- **SUPPLIED INFORMATION**
┏━━
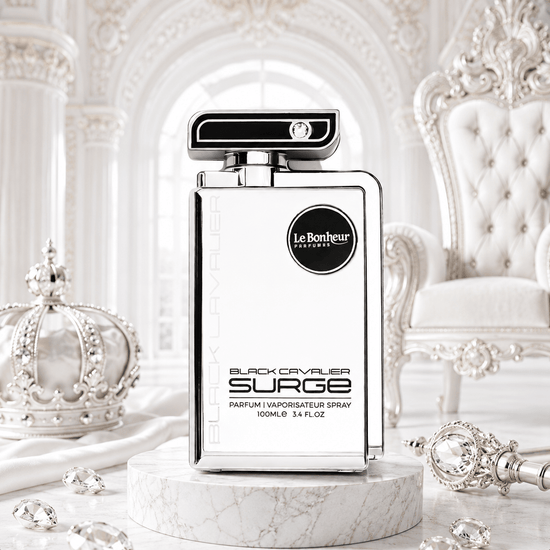 Le Bonheur Black Cavalier Surge 100ml لو بونور بلاك كافالير سيرج - Princess Cosmetics Qatar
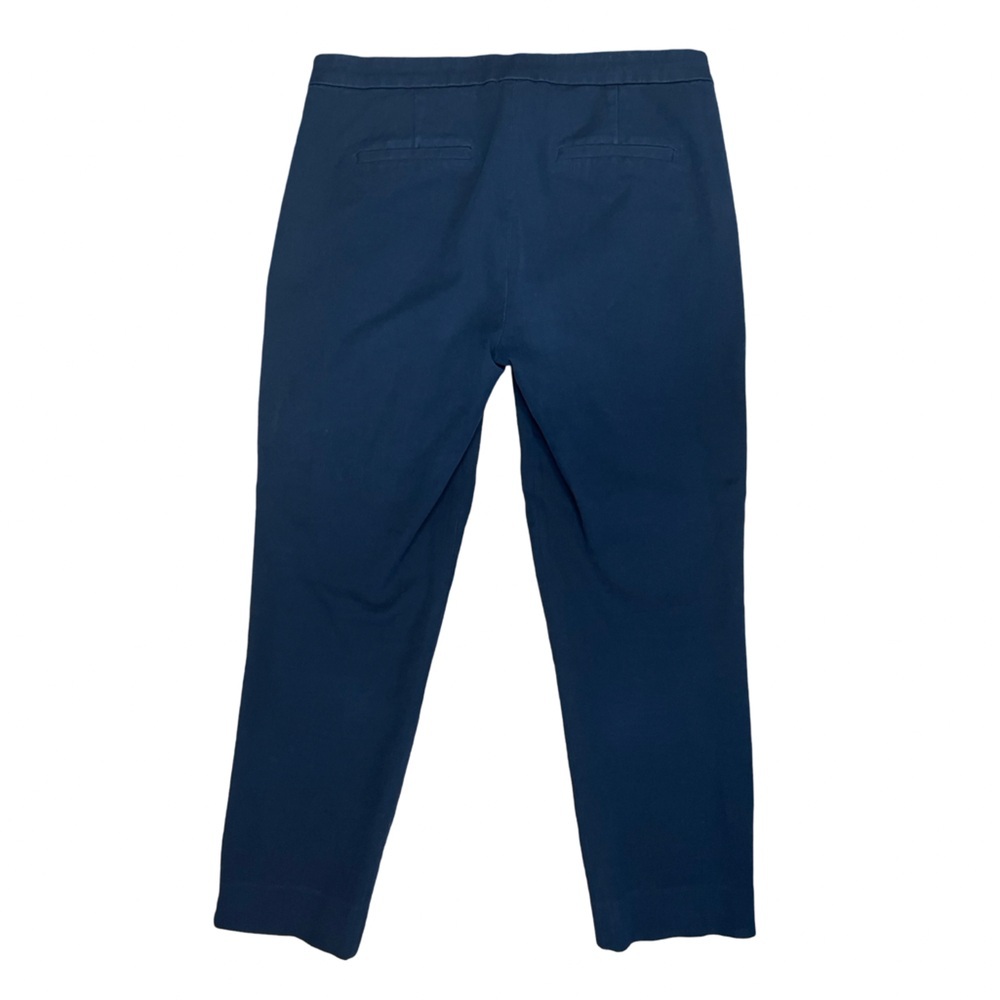 J.Crew Martie Bi-Stretch Cotton Blend Slim Crop Pants Navy Blue - Size 6 - Picture 6 of 14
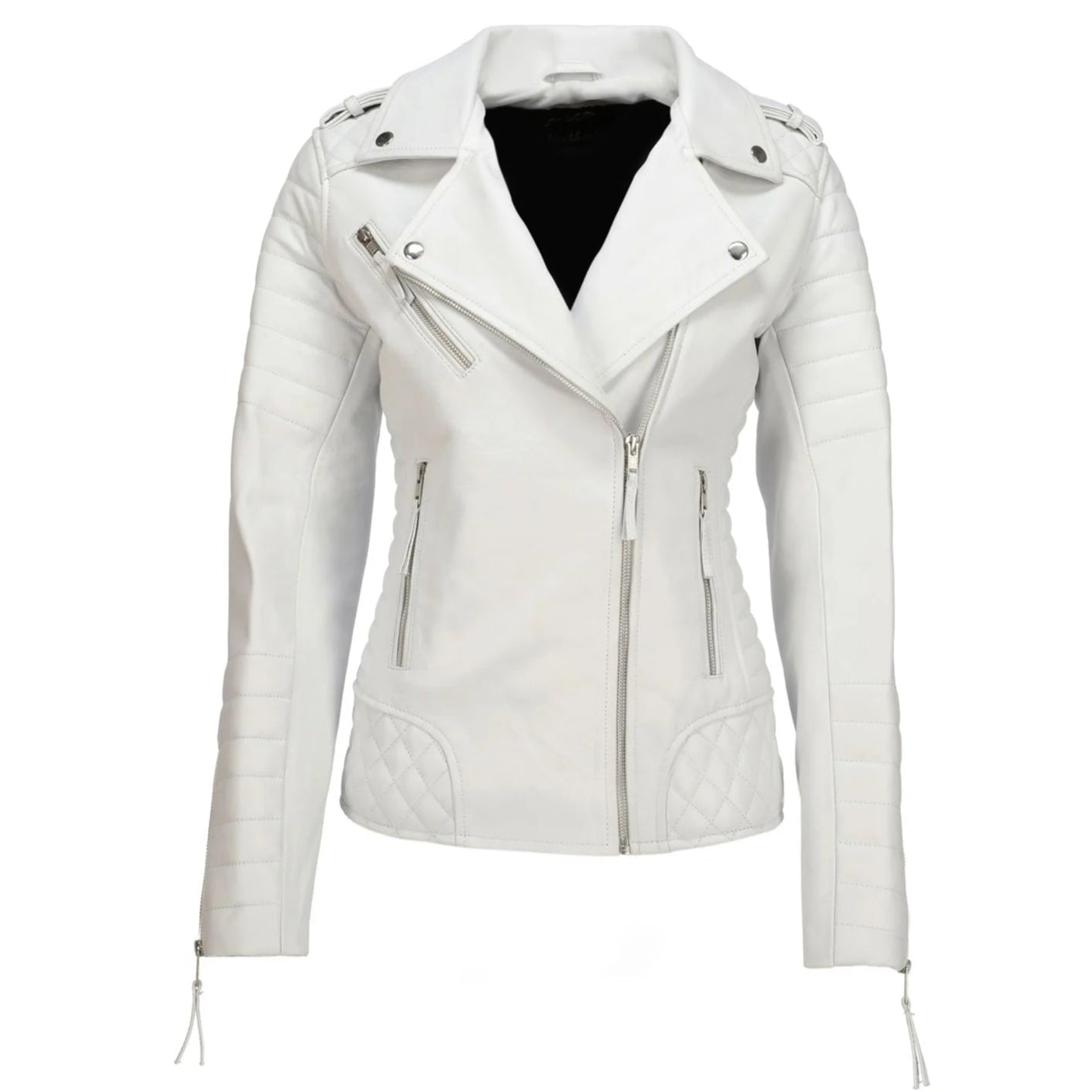 Real Leather Jacket handmade jackets Ladies jackets White jacket Ladies jackets Leather biker jacket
┗━━
- **ABOUT THIS EXERCISE**
Each line of the data must be transcribed exactly; pictures are not carried over.

- **THE ANSWER**
 Le Bonheur Black Cavalier Surge 100ml لو بونور بلاك كافالير سيرج - Princess Cosmetics Qatar
 J.Crew Martie Bi-Stretch Cotton Blend Slim Crop Pants Navy Blue - Size 6 - Picture 6 of 14
 Real Leather Jacket handmade jackets Ladies jackets White jacket Ladies jackets Leather biker jacket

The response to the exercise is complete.